*** Block opens ***

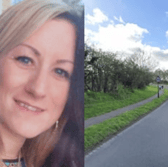 Detectives investigating after human remains were found in a park in south London have named the victim as 38-year-old Sarah Mayhew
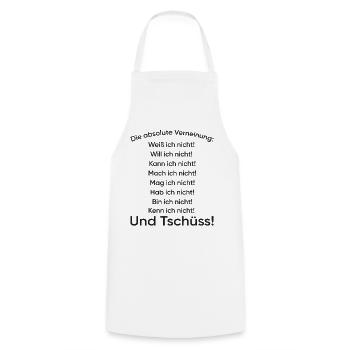 Absolute Verneinung Shirt - Kochschürze - Weiß - Vorne - AI Model Male 185 dark (185cm)
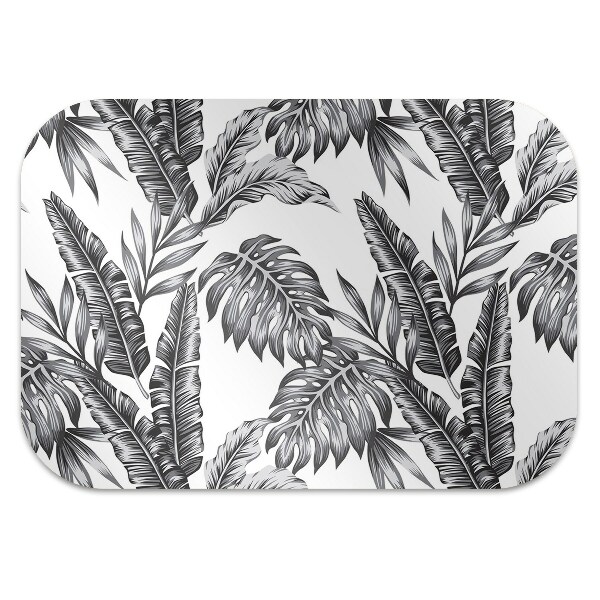 Office chair floor protector palm leaves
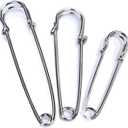 Large Safety Pins Assorted Clothes 60Pcs Heavy Duty 3 Sizes Pins for Crafts Brooch Making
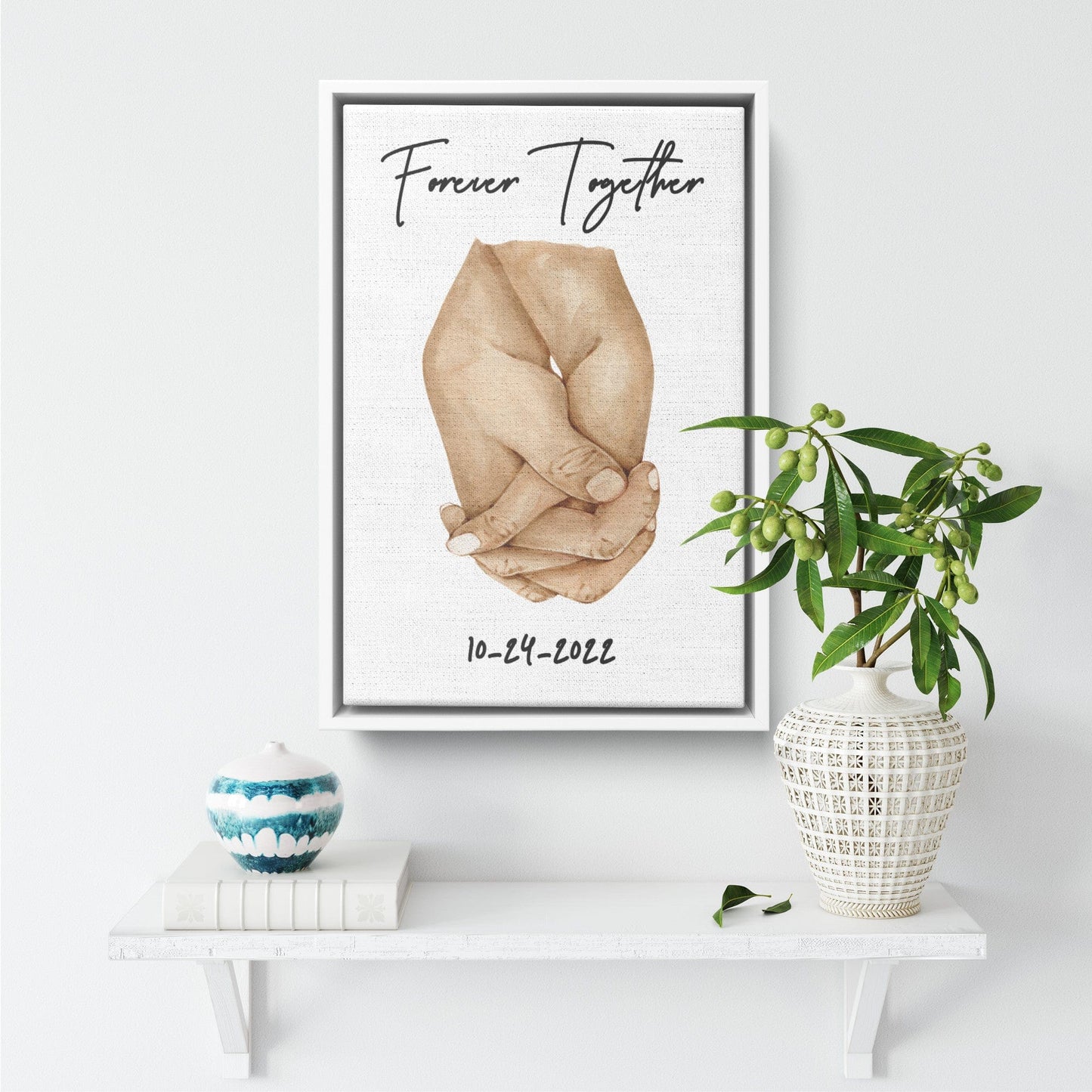 Together Forever Custom Canvas Art, Personalized Gifts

*** Block closes ***

## [Assignment]
Return all the records exactly. Skip the pictures.

## [Output below]
 Detectives investigating after human remains were found in a park in south London have named the victim as 38-year-old Sarah Mayhew
 Absolute Verneinung Shirt - Kochschürze - Weiß - Vorne - AI Model Male 185 dark (185cm)
 Office chair floor protector palm leaves
 Large Safety Pins Assorted Clothes 60Pcs Heavy Duty 3 Sizes Pins for Crafts Brooch Making
 Together Forever Custom Canvas Art, Personalized Gifts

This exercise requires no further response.